- [What is needed]: Once the line holding "Bed and breakfast" is found, output it and all remaining lines of the data exactly, with every picture left out.

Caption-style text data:
+ + + +

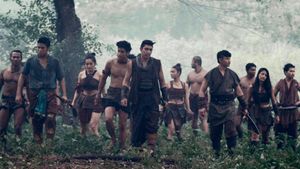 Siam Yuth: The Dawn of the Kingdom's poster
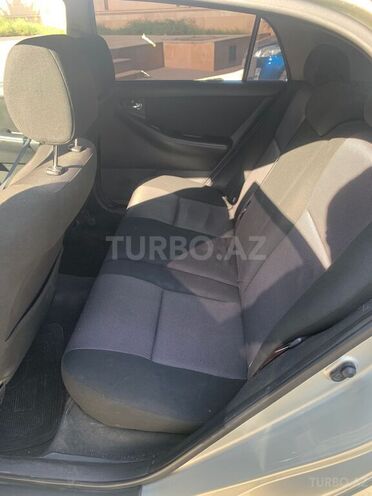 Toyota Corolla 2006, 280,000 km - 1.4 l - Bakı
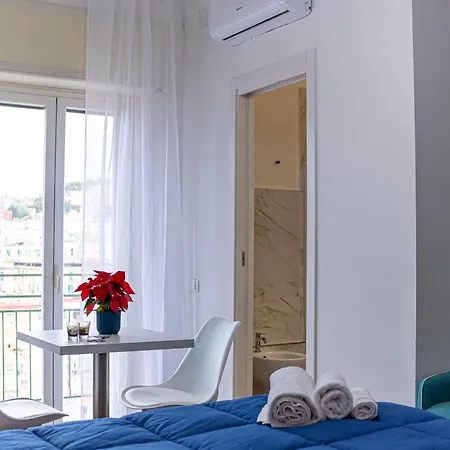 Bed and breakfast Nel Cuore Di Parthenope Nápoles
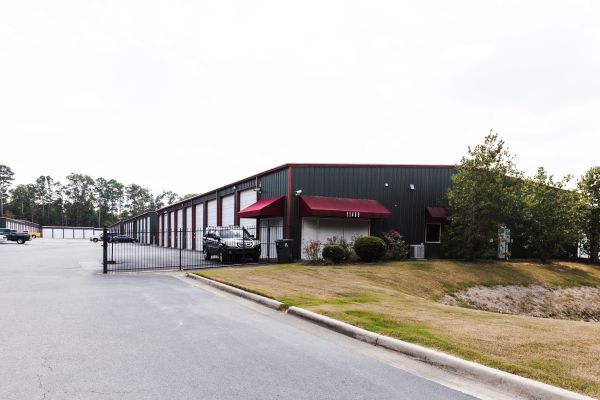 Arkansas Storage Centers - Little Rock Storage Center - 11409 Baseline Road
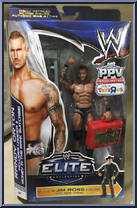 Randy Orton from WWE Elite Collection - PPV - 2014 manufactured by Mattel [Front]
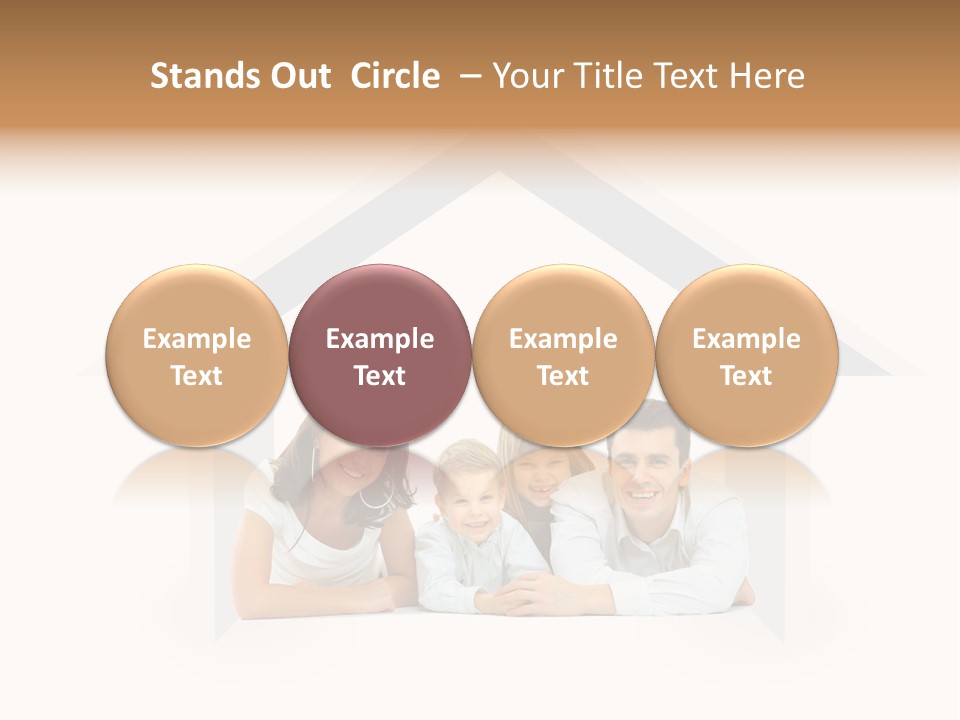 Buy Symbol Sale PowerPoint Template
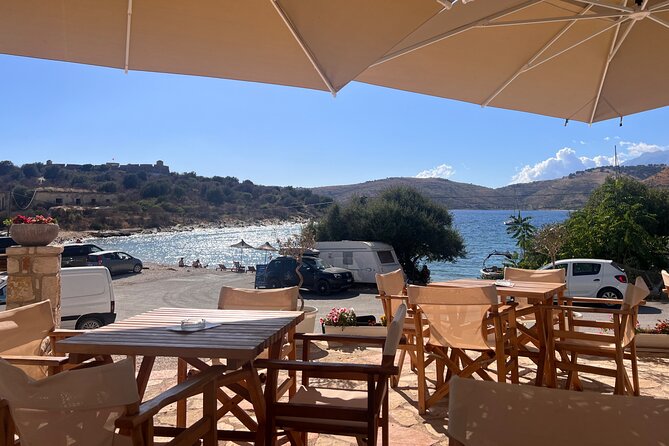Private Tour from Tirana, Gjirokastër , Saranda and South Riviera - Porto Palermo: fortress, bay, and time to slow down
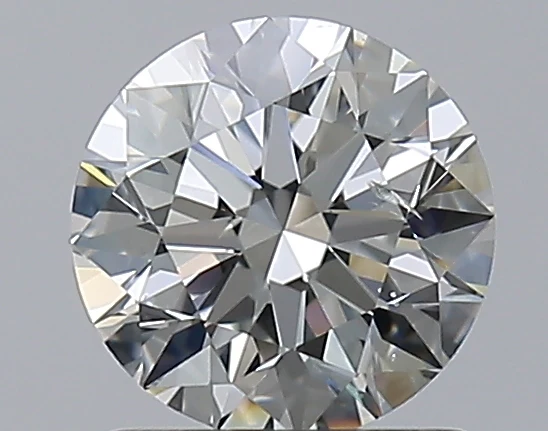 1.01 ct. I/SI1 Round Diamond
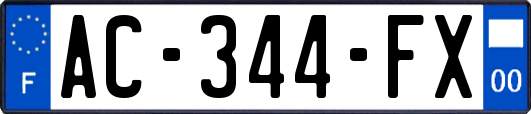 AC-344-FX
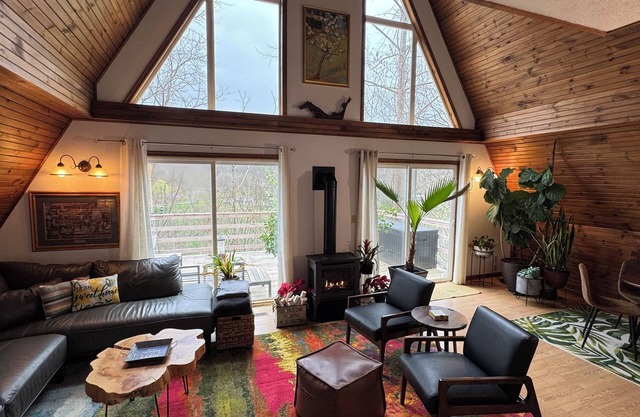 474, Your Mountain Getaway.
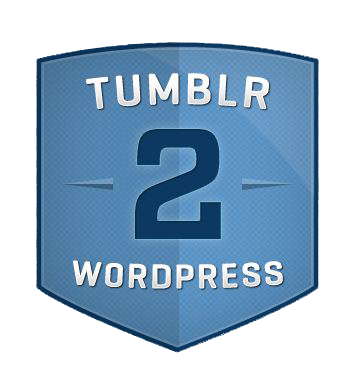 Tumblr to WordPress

+ + + +

- [Result below]:
 Bed and breakfast Nel Cuore Di Parthenope Nápoles
 Arkansas Storage Centers - Little Rock Storage Center - 11409 Baseline Road
 Randy Orton from WWE Elite Collection - PPV - 2014 manufactured by Mattel [Front]
 Buy Symbol Sale PowerPoint Template
Private Tour from Tirana, Gjirokastër , Saranda and South Riviera - Porto Palermo: fortress, bay, and time to slow down
 1.01 ct. I/SI1 Round Diamond
 AC-344-FX
 474, Your Mountain Getaway.
 Tumblr to WordPress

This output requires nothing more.